# [Directions for this task]
Each entry below must be given again word for word, with no pictures.

- - - - - - -

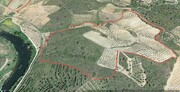 Terreno Rstico T0 - No Definido, Mirandela, Bragana - Miniatura: 3/17
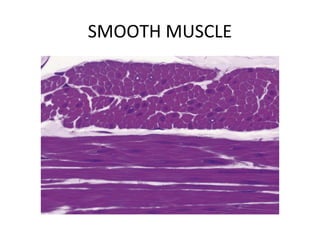 SMOOTH MUSCLE
 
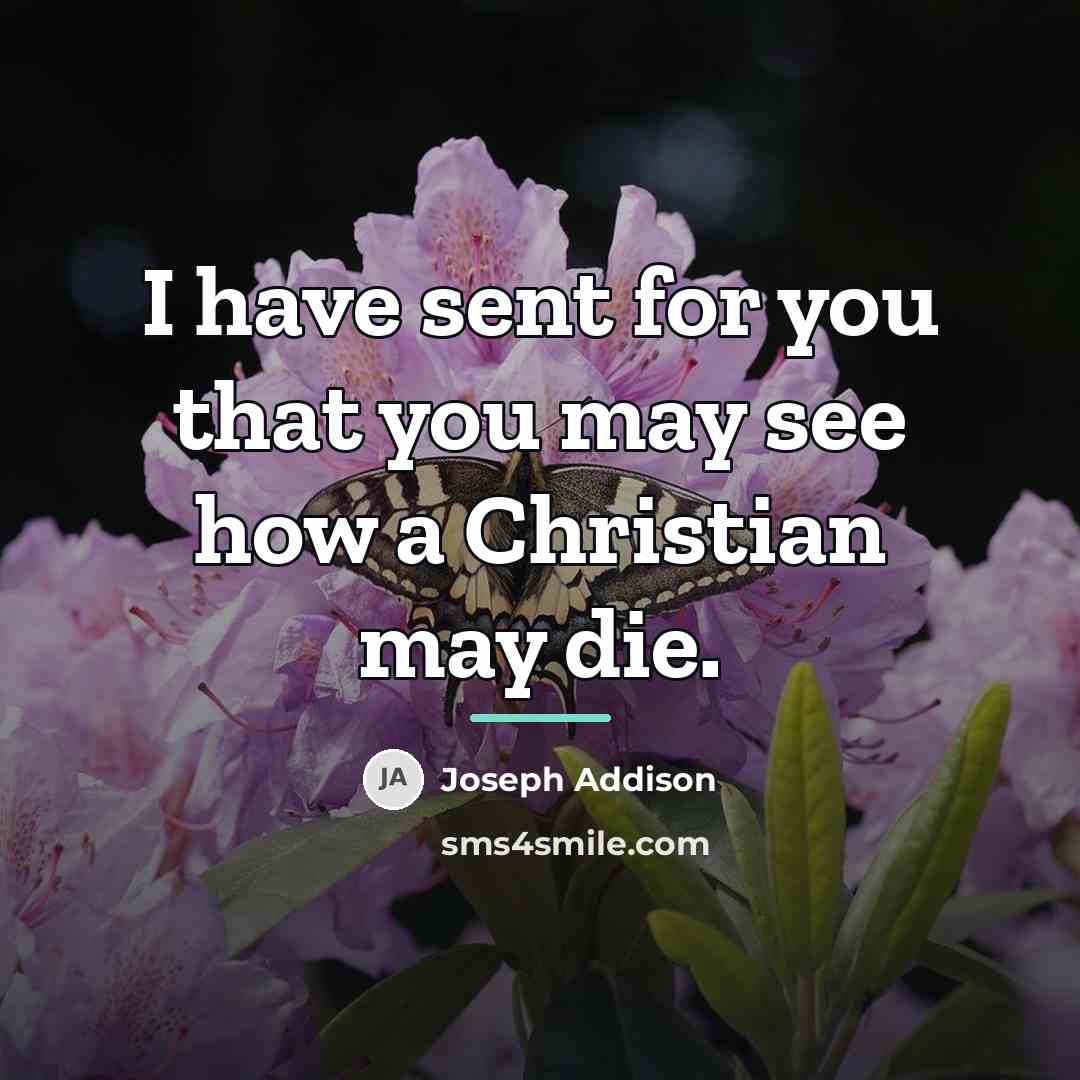 “I have sent for you that you may see how…” quote by Joseph Addison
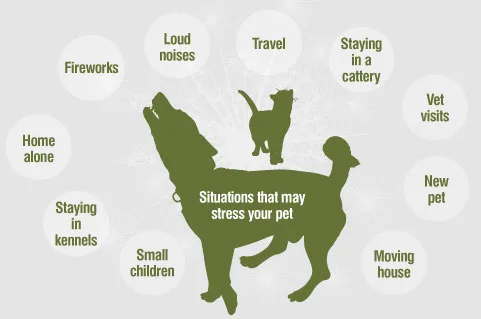 Behavioural issues in pets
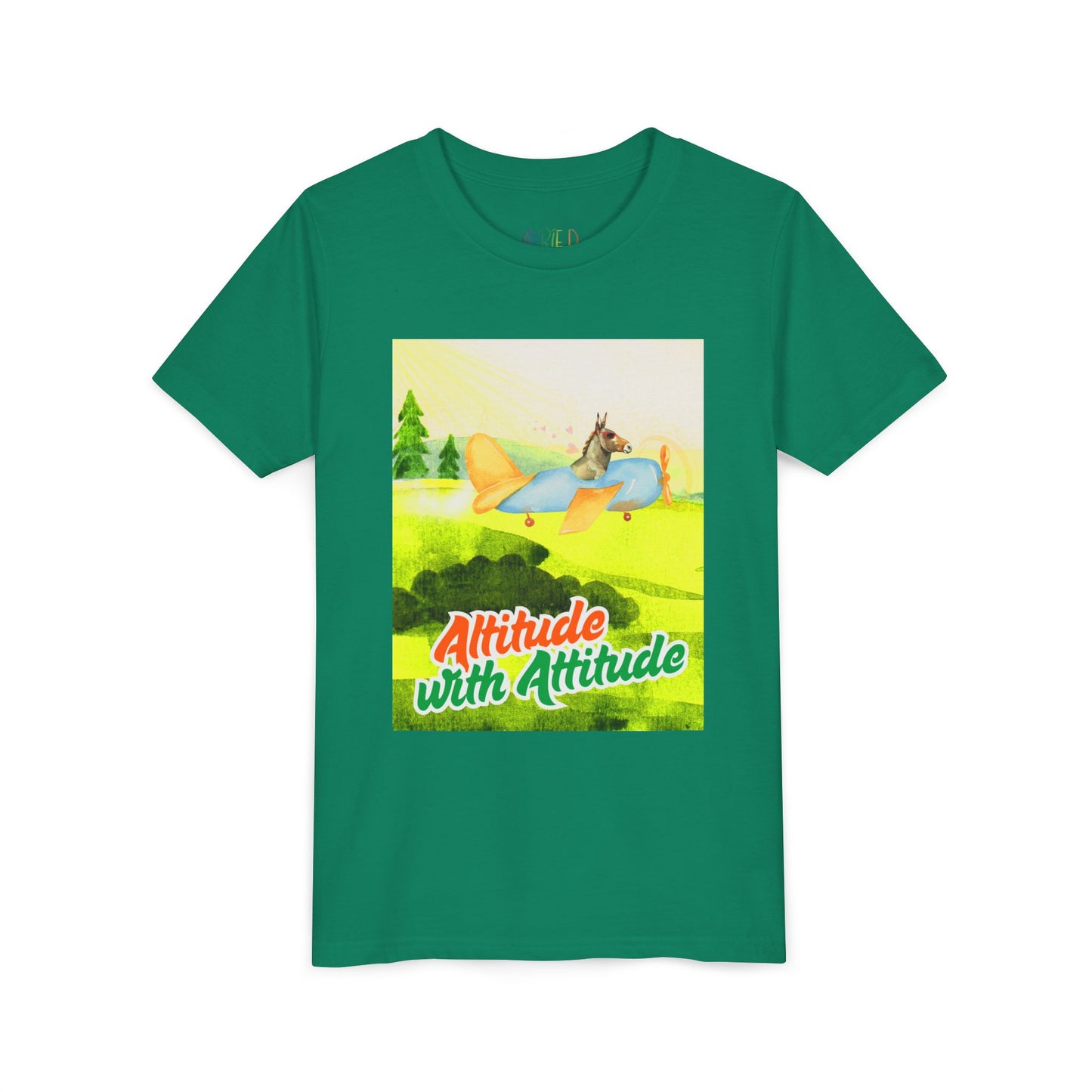 Youth Altitude with Attitude – Soaring Sass Tee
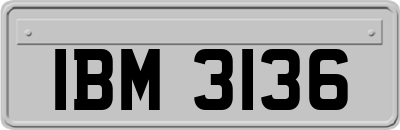 IBM3136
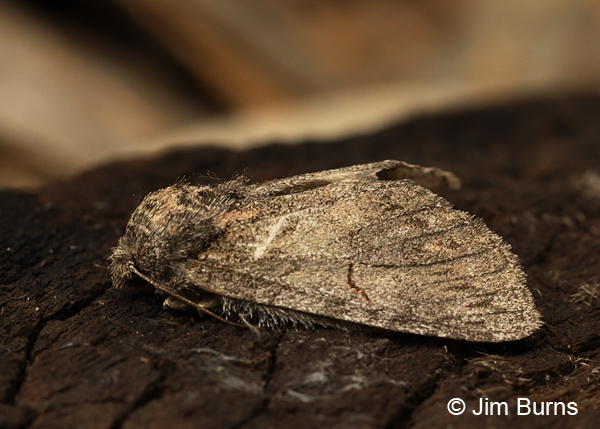 Heterocampa lunata #2, Arizona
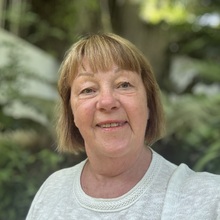 romy-diederich Avatar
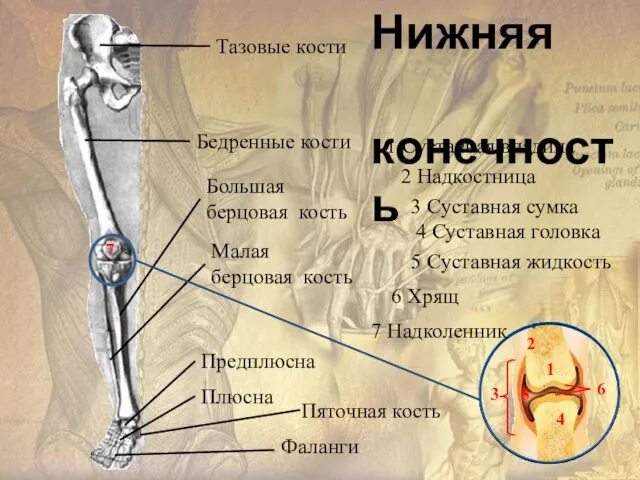 Тазовые кости Бедренные кости Большая берцовая кость Малая берцовая кость Предплюсна Плюсна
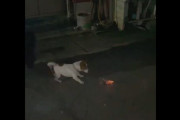 【動画】犬さん、目の前の花火に大興奮！テンションが上りすぎてとんでもない行動に出てしまうｗｗｗｗｗｗｗ
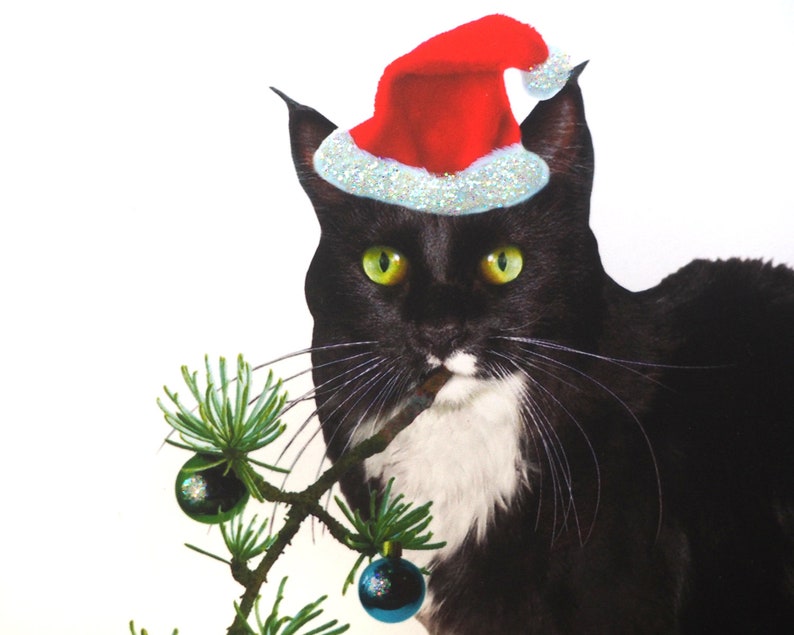 Tuxedo Cat With Christmas Tree Card Christmas Cat Glitter Etsy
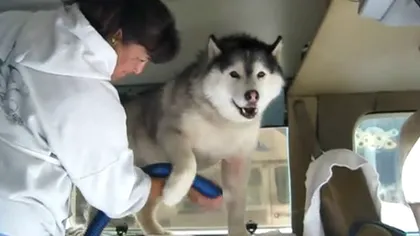 Cum reacţionează un câine atunci când este uscat cu foehnul VIDEO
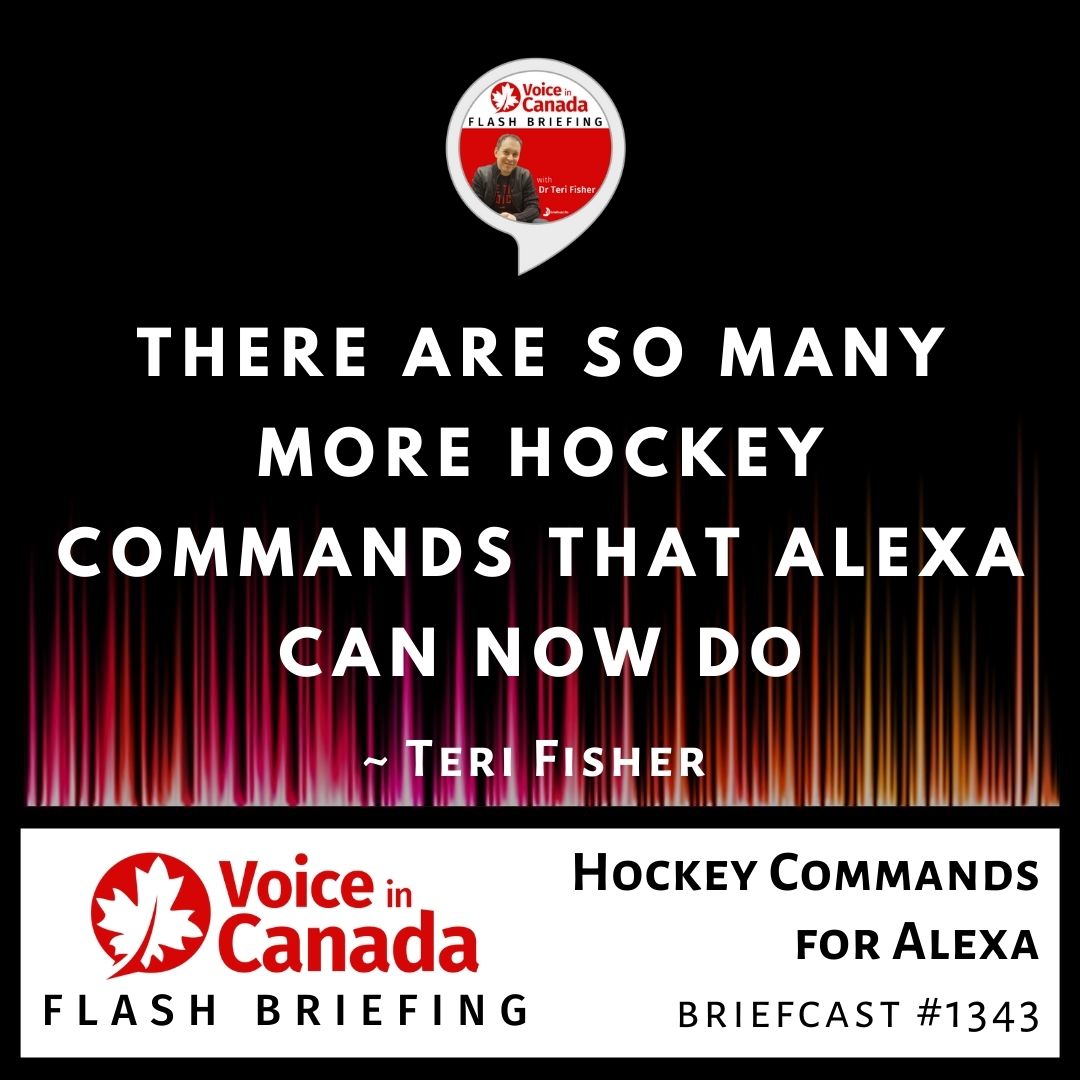 Hockey Commands for Alexa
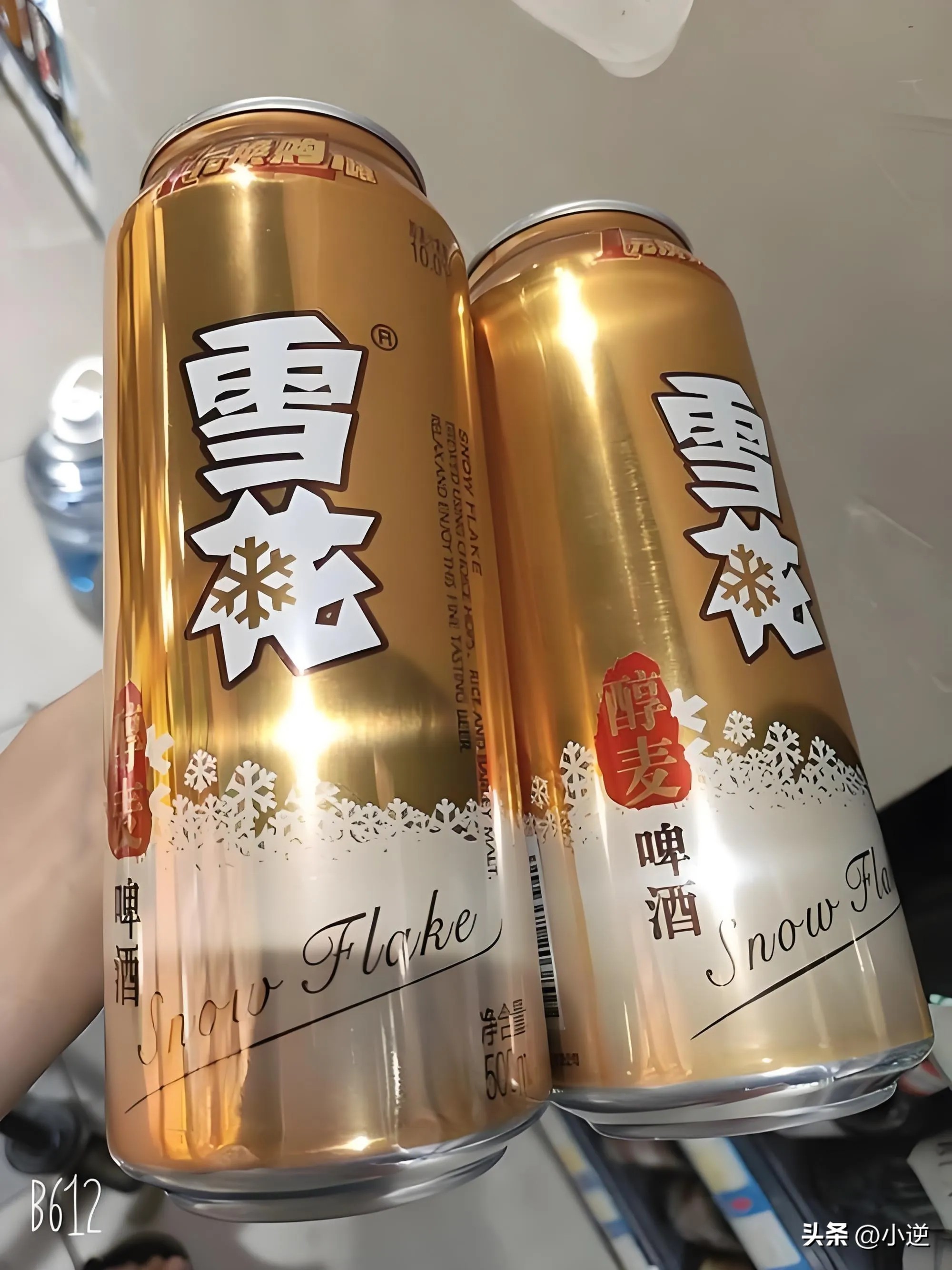 一般听装雪花啤酒价格_雪花醇麦啤酒价格体系_雪花醇麦啤酒价格梯度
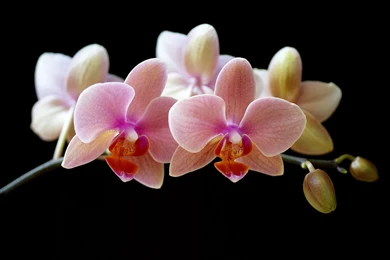 Orchid Flower, Orchids Photo Wallpapers For Your Desktop   White ...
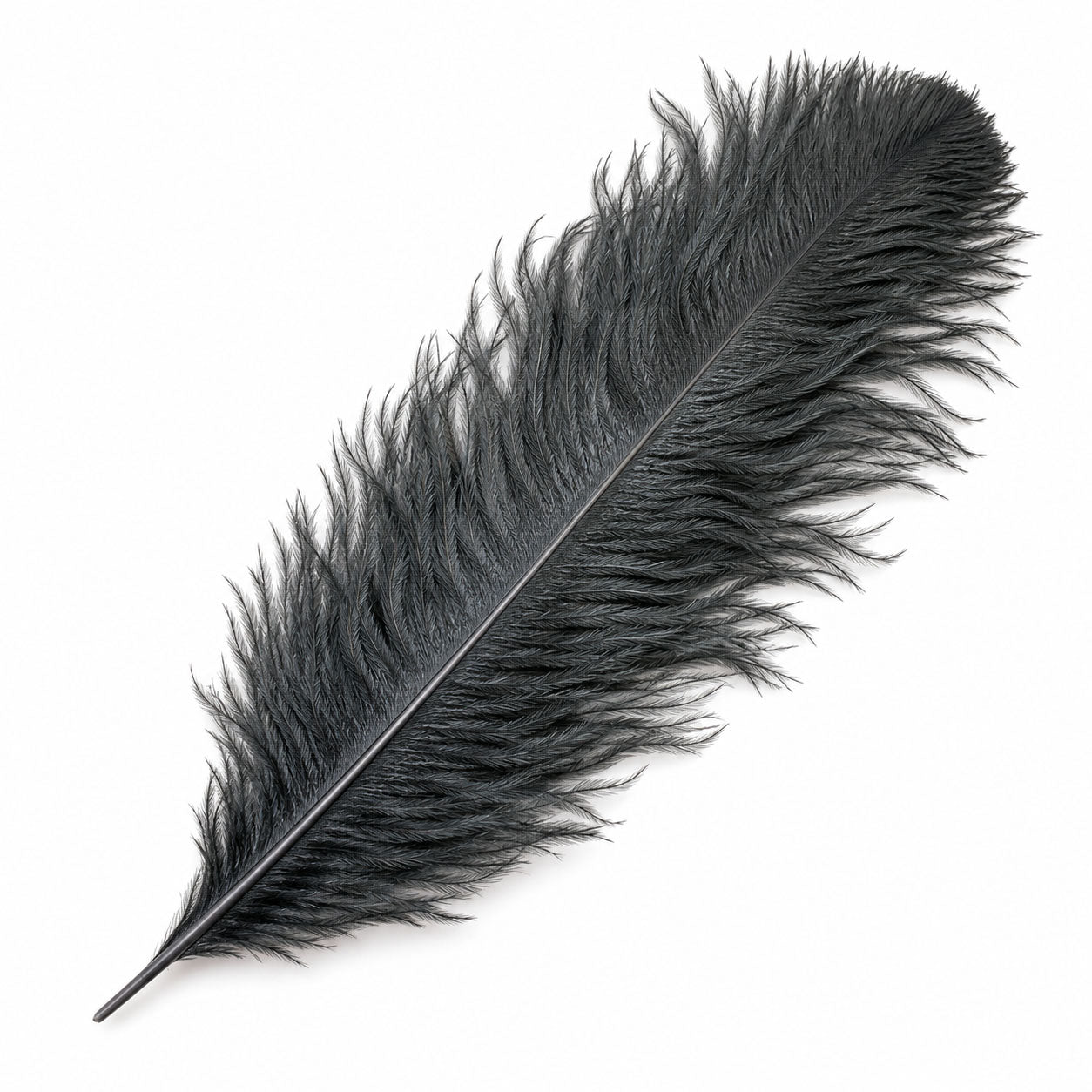 Black Ostrich Feather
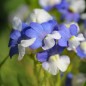 Preview: Elfenspiegel Blue White (Samen)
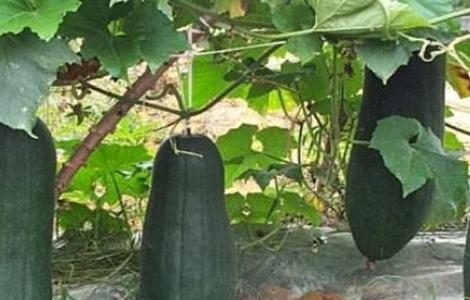 如何促进冬瓜早熟 如何促进冬瓜早熟呢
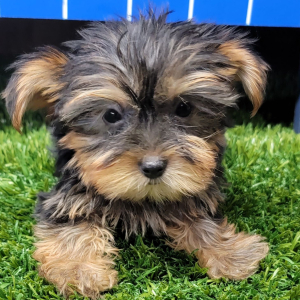 Yorkshire Terrier Puppy Ivy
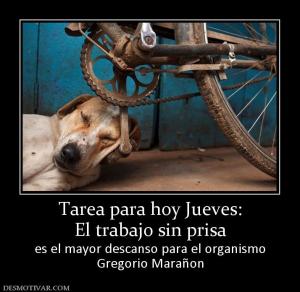 Tarea para hoy Jueves: El trabajo sin prisa es el mayor descanso para el organismo Gregorio Marañon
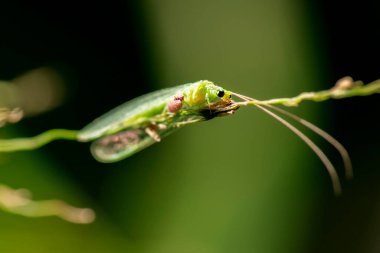Green Large Lacewing, Nymphidae familyasından Myiodactylus sp olarak da bilinir.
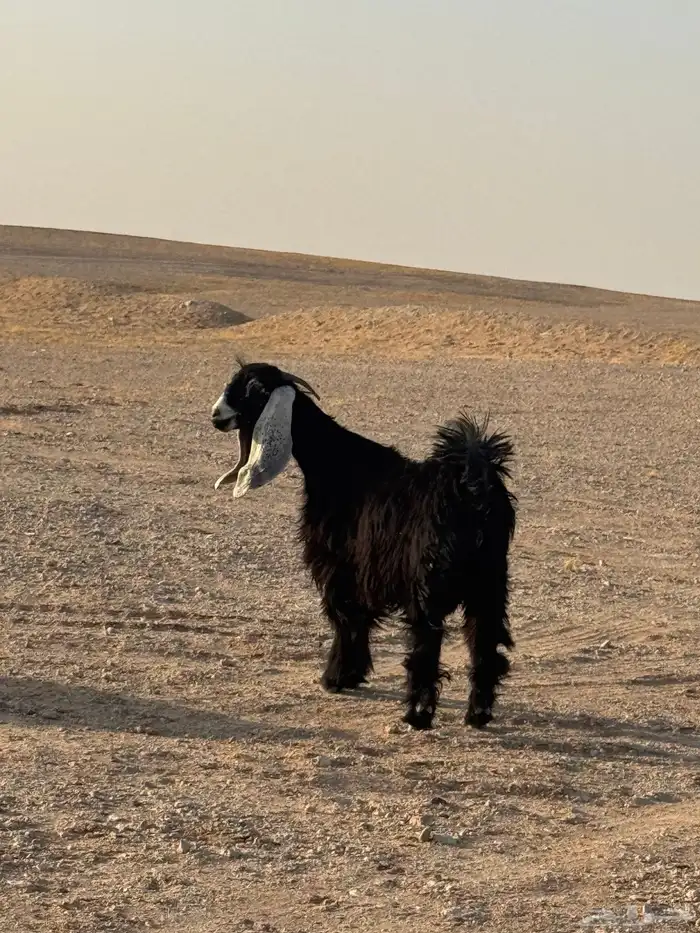 جفره جذعه مضرع شرط سونار 0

- - - - - - -

# [Your response]
 Terreno Rstico T0 - No Definido, Mirandela, Bragana - Miniatura: 3/17
 SMOOTH MUSCLE
 
 “I have sent for you that you may see how…” quote by Joseph Addison
 Behavioural issues in pets
 Youth Altitude with Attitude – Soaring Sass Tee
 IBM3136
 Heterocampa lunata #2, Arizona
 romy-diederich Avatar
 Тазовые кости Бедренные кости Большая берцовая кость Малая берцовая кость Предплюсна Плюсна
 【動画】犬さん、目の前の花火に大興奮！テンションが上りすぎてとんでもない行動に出てしまうｗｗｗｗｗｗｗ
 Tuxedo Cat With Christmas Tree Card Christmas Cat Glitter Etsy
 Cum reacţionează un câine atunci când este uscat cu foehnul VIDEO
 Hockey Commands for Alexa
 一般听装雪花啤酒价格_雪花醇麦啤酒价格体系_雪花醇麦啤酒价格梯度
 Orchid Flower, Orchids Photo Wallpapers For Your Desktop   White ...
 Black Ostrich Feather
 Preview: Elfenspiegel Blue White (Samen)
 如何促进冬瓜早熟 如何促进冬瓜早熟呢
 Yorkshire Terrier Puppy Ivy
 Tarea para hoy Jueves: El trabajo sin prisa es el mayor descanso para el organismo Gregorio Marañon
Green Large Lacewing, Nymphidae familyasından Myiodactylus sp olarak da bilinir.
 جفره جذعه مضرع شرط سونار 0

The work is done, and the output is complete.